PermaLink Never thought you'd have to diddle with MTUs ever again, did you?04/04/2008 04:22 PM
Domino
At work
You know, back in the early days of TCP/IP with Windows... say, 1994, we get used to having to fart around with fairly low-level parameters like MTUs, packet fragmentation, TTL, all that.  It's been years since we've had to fool with it in this era when everything from cars to refrigerators speak TCP/IP, but amusingly, it popped up again at work today.  We all dusted off our brains to remember how to fix it.

Last year, my department was mostly moved out of the main campus of my day job's site and went about three miles to a leased space in some nondescript office park. Our neighbors are a landscape-supply place, a convenience store, a replacement-window place, and a company that stocks liquor on cruise ships.

How to get that office onto the campus backbone? Well, in the old days they'd have just leased some lines and been done with it. In this case, though, we're on the end of a fairly wimpy line-of-sight microwave link. Some days, it works well. Other days, when the weather is shitty and somebody's FTPing five gig worth of QuickPlaces around the network, it can be pretty awful.

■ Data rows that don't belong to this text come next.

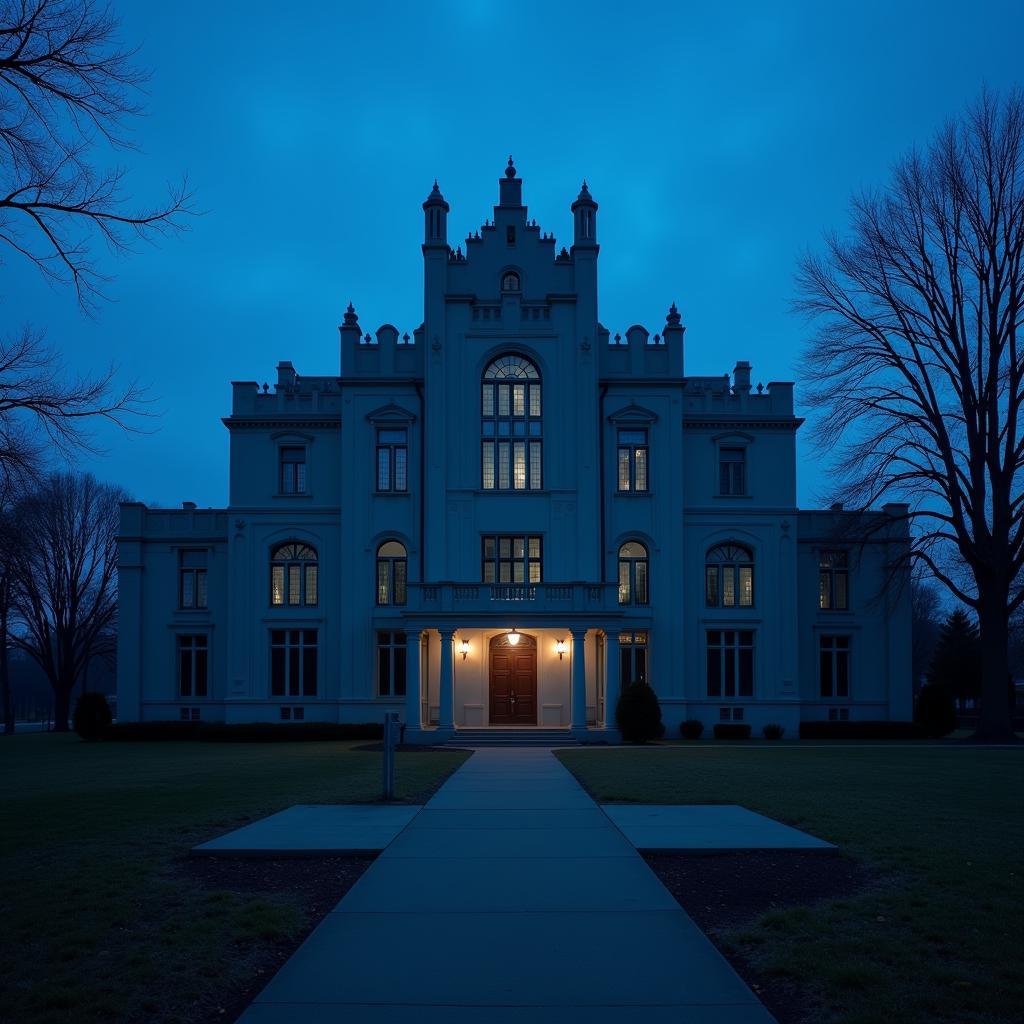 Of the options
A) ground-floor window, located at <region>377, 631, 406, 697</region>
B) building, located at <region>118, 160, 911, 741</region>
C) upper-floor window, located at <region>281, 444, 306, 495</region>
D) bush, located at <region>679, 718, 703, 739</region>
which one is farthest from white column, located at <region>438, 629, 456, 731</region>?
upper-floor window, located at <region>281, 444, 306, 495</region>

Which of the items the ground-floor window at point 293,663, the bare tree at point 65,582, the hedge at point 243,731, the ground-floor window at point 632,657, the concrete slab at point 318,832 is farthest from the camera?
the bare tree at point 65,582

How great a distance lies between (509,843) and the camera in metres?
11.5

This morning, some of it freaked out in a weird way. We found ourselves unable to get to our own production Domino servers over in the main campus if we did it through the load-balancer that fronts those boxes to even out web traffic. Going to the machines directly via IP address worked fine. But no, it wasn't a DNS issue... things were timing out, or worse, not timing out. One of my workstations is still trying to talk to the server, and FasterFox reports it's been trying for... 83 minutes now. Other internal sites work fine. Access to the internet is fine. It's just... that one site.

Where to find the culprit? Somebody obviously had to change something, since this has been working fine for years now. Our initial suspicion was correct, but in an odd way.

Turns out, the router for the microwave link tends to fragment packets. My guess is, the link is so crappy they like to have small packets to reduce problems when a flock of birds or a snowstorm interferes with transmission. However, sometime last night, someone set a flag on the load-balancer out front of the big servers, set to do not permit packet fragmentation.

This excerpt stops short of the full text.